Fermo restando il fatto di un approccio multicasuale, dove cioè le disfunzioni sessuali possono essere provocate da un gran numero di fattori e che quindi l’intervento può rendersi necessario a più di un livello, ci occuperemo , in questo capitolo, dei fattori psicologici in grado di determinare i disturbi sessuali.

Parlando di disturbi sessuali psicogeni è però necessario precisare che non vi è una coincidenza diretta fra uno specifico disturbo e l’organizzazione della personalità sottostante.

Una disfunzione erettiva per esempio potrebbe segnalare la presenza di un quadro depressivo come anche una reazione di evitamento, di tipo ansioso, verso il sesso o verso il coinvolgimento emotivo nella relazione di coppia.
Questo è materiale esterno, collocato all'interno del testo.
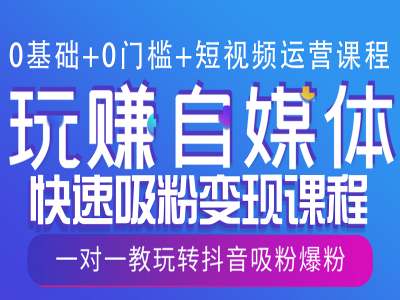 0基础+0门槛+短视频运营课程，玩赚自媒体快速吸粉变现课程，一对一教玩转抖音吸粉爆粉-爱资源库-最大的免费资源库Azyku.com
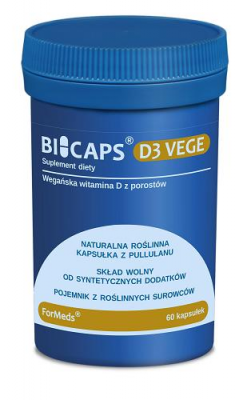 BICAPS D3 VEGE z porostów witamina D3 2000IU 60 kapsułek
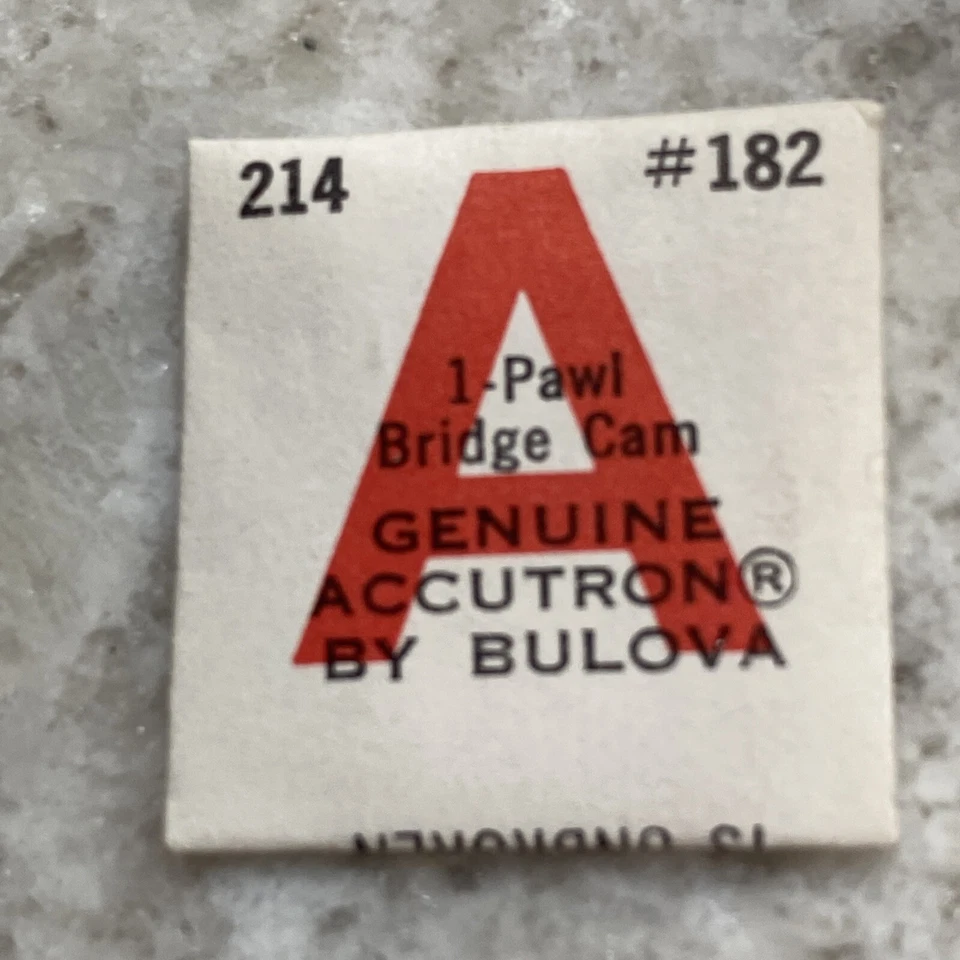 Horquilla de afinación Accutron 214 Pawl Bridge Cam 182 Bulova pieza genuina BV1 Foto 4 de 4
Il sintomo sessuale, secondo Freud, verrebbe considerato come una difesa contro l’angoscia che come sappiamo emergerebbe di fronte ad uno stato di pericolo.

Il conflitto è molto spesso inconscio, possono essere inconsce le ragioni che portano al sintomo sessuale, quale la paura di essere respinti, non accettati per quello che si è, o la possibilità di avere troppo bisogno dell’altro, che è sentita come una minaccia per la propria integrità.

In accordo con Baldaro Verde e Pallanca (J. Baldaro Verde, G.F. Pallanca, 1984, “Illusioni d’amore”. R. Cortina, Milano) si può riconoscere nel disturbo sessuale una “disconferma” della relazione amorosa.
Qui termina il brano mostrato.